Cell companies offer many benefits, but what are these? Morever, why would you want to use a cell company in the first place? These are some of the questions answered by Fiduchi's Associate Director of Corporate Services Terry Northcott.
A cell company is simply a company that can create one or more cells that contain assets and liabilities that are distinct from its own assets and liabilities and from those of any other cells that it may create. There are two types of cell company available in Jersey; the Protected Cell Company (PCC) and the Incorporated Cell Company (ICC).
PCCs were first developed in Guernsey in the late 1990s and were soon introduced by other jurisdictions once their benefits and advantages became apparent. In 2006, Jersey enhanced the cellular concept and became the first jurisdiction to introduce ICCs. Several other jurisdictions have now emulated Jersey's innovative ICC regime.
The core benefit is the clear and obvious ‘ring-fencing’ of corporate assets and the fact that this is done at a legislative level. Under the law, the assets and liabilities of a company can be segregated into different cells and, where one of those cells enters into a transaction, a claim by any person in connection with that transaction will only apply to that particular cell’s assets. In short (unless the articles of incorporation state otherwise), a creditor of a cell will have no right of recourse to the cell company’s other assets or to the assets of any other cell that may exist.
Correspondingly, investor returns of one cell are not affected by any negative returns within any other cell. Each cell pays its dividends based on its own assets, liabilities and profitability.

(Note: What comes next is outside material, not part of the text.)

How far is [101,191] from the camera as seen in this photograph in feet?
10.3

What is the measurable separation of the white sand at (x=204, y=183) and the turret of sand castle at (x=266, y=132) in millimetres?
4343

Jersey has designed its cell companies to be as flexible as possible whilst at the same time providing robust investor protection. Just as importantly, Jersey structures are transparent - with each cell and its constitution publically registered at the Companies Registry, and with the rights and interests of cellular owners set out in the articles of each cell. This provides clarity for all parties, including creditors, and helps reinforce the certainty of cellular segregation. This simple clarity is expected to assist courts in foreign jurisdictions recognise the cellular divisions that exist.
The law is clear that cells are not subsidiaries of their cell companies. Each cell may be formed with its own constitution and with a different share structuring. This means that cell companies can establish cells that issue par value shares at the same time as having cells with no par value or unlimited shares etc.
The cell company does not need to hold shares in a cell (and usually does not). However, despite this lack of an ownership relationship between the cell company and its cells, a cell may only change its constitution by way of a special resolution of its members and of the cell company – this allows the cell company to retain some control.
Each cell can have different shareholders and will have its own directors who will manage the cell (who may be different from those of the cell company). Each cell has the same secretary and registered office as its cell company but will have its own constitutional documents and registers.
Each cell must prepare a set of accounts in the same manner as any ordinary Jersey company. As such, the cell company and each cell are free to choose their own basis of preparation and acceptable accounting principles.
The law allows cell companies to convert to generic companies and generic companies to switch to cell companies. In addition, PCCs can convert to ICCs and ICCs can convert to PCCs, and individual cells can convert into ordinary companies.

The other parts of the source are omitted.